PART 2: Over 25 years, through trial and error, Chance Theater discovers the plays - and musicals - that connect to its community.

Alli Rose Schynert as Emma Borden in the Ovation-award winning premiere of "Lizzie," produced in 2019 by Chance Theater. Photo courtesy of Chance Theater/Doug Catiller, True Image Studio

If you think of a theater’s components as a human body – its bones the physical infrastructure, its blood the performers on its stage, its brain the management directing it, and its hands and eyes the people who build the sets, and design the lights, costumes and sound – then what is its voice but the plays that all those serve to communicate?

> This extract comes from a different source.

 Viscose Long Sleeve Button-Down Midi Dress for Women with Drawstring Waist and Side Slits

In 2023, Chance Theater’s voice is clear: It’s in big, bold and sometimes bizarre musicals as well as non-musicals that are more intimate and broach uncomfortable or sensitive subjects, like race, sexuality or mental illness; or more literary plays where what's said is less important than what's left unsaid.

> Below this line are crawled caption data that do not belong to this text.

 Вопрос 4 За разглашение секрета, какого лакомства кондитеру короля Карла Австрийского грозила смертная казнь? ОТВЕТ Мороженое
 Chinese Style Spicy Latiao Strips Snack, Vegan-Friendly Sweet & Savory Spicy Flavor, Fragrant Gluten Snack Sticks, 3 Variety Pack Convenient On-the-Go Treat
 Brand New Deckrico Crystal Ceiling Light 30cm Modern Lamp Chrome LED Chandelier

But there was little in its first few seasons to indicate what Chance’s voice would sound like.

For part two in our look at Chance for its 25th anniversary, what could otherwise come off as formulaic – dividing those years into five easily divisible parts – makes sense. For the story of Chance’s art is one about finding and refining its voice, making some noise with it, developing harmonies, and finally reclaiming that voice through relying on the most essential organ of both the human body and a theater – its heart.

Program covers for early productions by Chance Theater: from left, "The Stroop Report" by Robert Preston Jones (2000), "Our Town" by Thornton Wilder (2001), "Three Days of Rain" by Richard Greenberg (2002) and "The Mikado" by Gilbert and Sullivan (2003). Images courtesy of Chance Theater
Discovering its Voice: 1999-2003

“I would say the first few years we were definitely experimenting,” says Casey Long, Chance’s managing director and, along with Jeff Hellebrand, Erika Miller and Oánh Nguyen, one of Chance’s founding artists.

Experimenting is one way of putting it; throwing a lot of stuff against the walls to see what stuck is another. Chance began, as Nguyen puts it, as a small group of theater artists who wanted to “explore and share our unique perspectives, through writing and telling stories in ways we weren’t getting at other theaters.”

But other than a strong commitment to new plays, there wasn’t much of a game plan for what those stories would be. After its first season of all world premieres didn’t draw as well as expected, and Chance’s debt ballooned from $50,000 to $75,000, Chance was forced to expand its programming. Fiscal necessity wound up yielding unexpected rewards.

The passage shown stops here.